Turning on her heels, Maria sprinted for the front of the cemetery. The other women did not need to be told twice, for they too ran for their lives. Louise moved like a comical stick figure, all elbows and knees, a grimace of fear pulling at the corners of her mouth. Her sister, Jane, held her skirt with both hands as she pumped her short, thick, legs high in the air. The plump woman spoke as she ran, a single word repeated over and over again, keeping time with the heavy sounds of her footfalls, “Oh, oh, oh, oh, oh, oh, oh....”

They neared the front gate, and Maria was struck with the sudden maddening thought that the double gates would swing shut in their faces before they could escape the confines of the cemetery. She had seen the chain magically split in half and fall to the ground, had watched in awe as the metal gates swung open by themselves. Surely, if the thing pursuing them could unlock and open the gates to invite them in, then it could easily close the gates to keep them from getting out.

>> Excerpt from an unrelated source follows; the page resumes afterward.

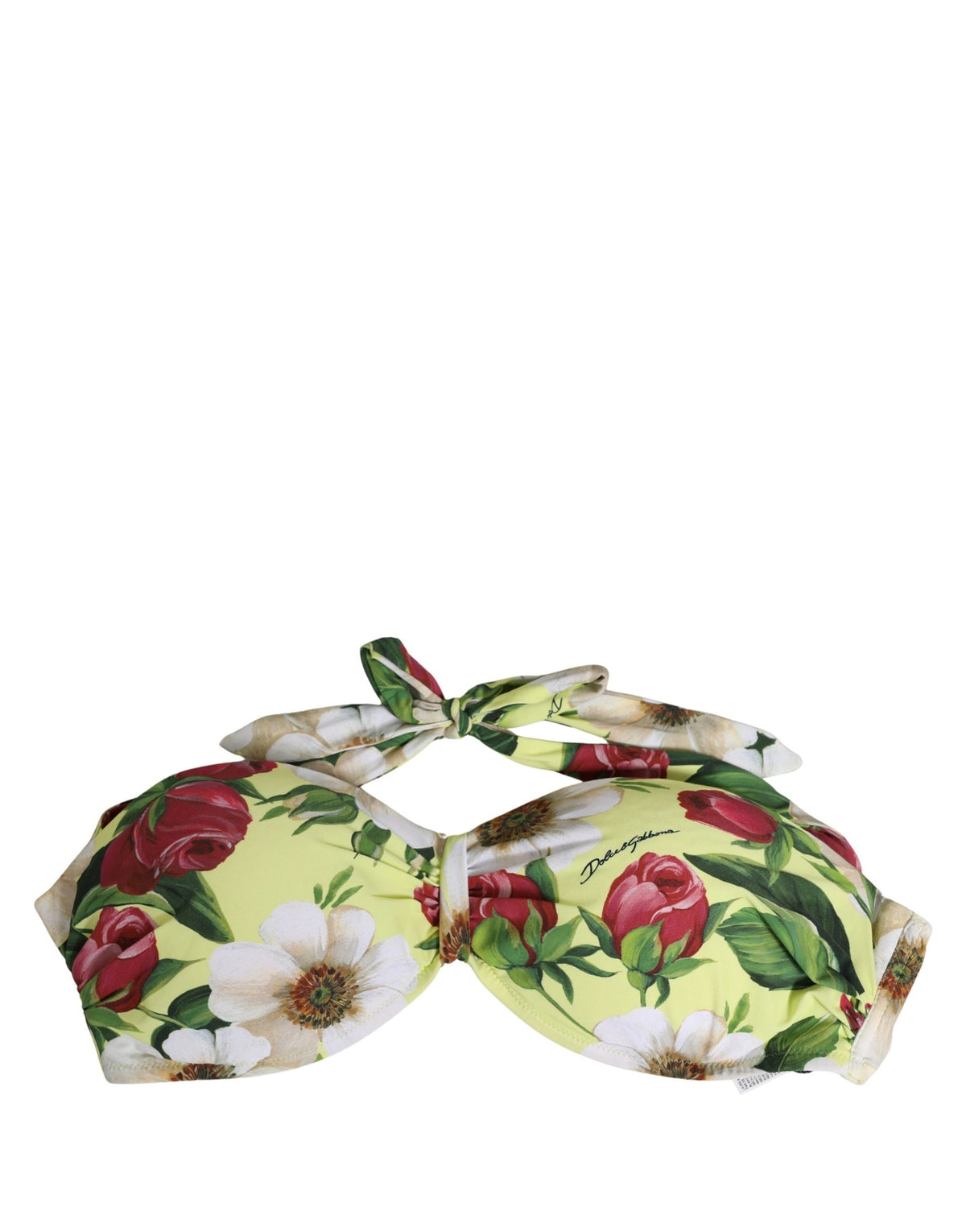 Dolce & Gabbana Gelbes Blumen Halter Nylon Beachwear Bikinioberteil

But the gates did not close as they reached the front of the cemetery. The metal bars did not spring shut to block their exit. Louise reached the gates first, not even bothering to look back as she fled from the Tolomato. She ran out into the street, stumbled and nearly fell, but kept her footing as she turned left, racing for the nearby parking lot. Maria did not call after her; Louise knew where the spare key for the Nissan was kept, and was no doubt hurrying to start the car.

Surprisingly, Jane reached the gates second, a full ten feet ahead of Maria. The fear of things far worse than death had empowered the short, portly woman, enabling her body to perform a feat that would have been nearly impossible any other time. She glanced backward as she reached the gates, and the look of terror on her face told Maria that they were still being chased by the thing they had summoned.

Maria was confident they would be safe once they got out of the cemetery; at least she hoped they would be safe. She was praying the evil spirit had it limitations, and could not venture beyond the cemetery walls. Ghosts rarely left the places they haunted, confined by rules mortals did not understand.

She was almost to the front gates, just a few feet away from possible safety, when she tripped over something laying in the darkness and went sprawling. She didn’t have to see the item to know that it was her leather shoulder bag, the bag she had set just inside the front gates for safe keeping when they entered the cemetery.

With a startled cry, and a painful jolt, Maria Sanchez hit the ground. Crawling, nearly mad with fear, she tried to get back to her feet and continue running. She almost made it, but an ebony tentacle grabbed her around the legs and snatched her back inside the cemetery, dragging her toward a thing of darkness.

She screamed in terror, a high pitched cry that was cut short. A fatal silence followed, interrupted briefly by the distant sound of a car engine revving, and the squeal of tires as a small white sedan sped out of a parking lot.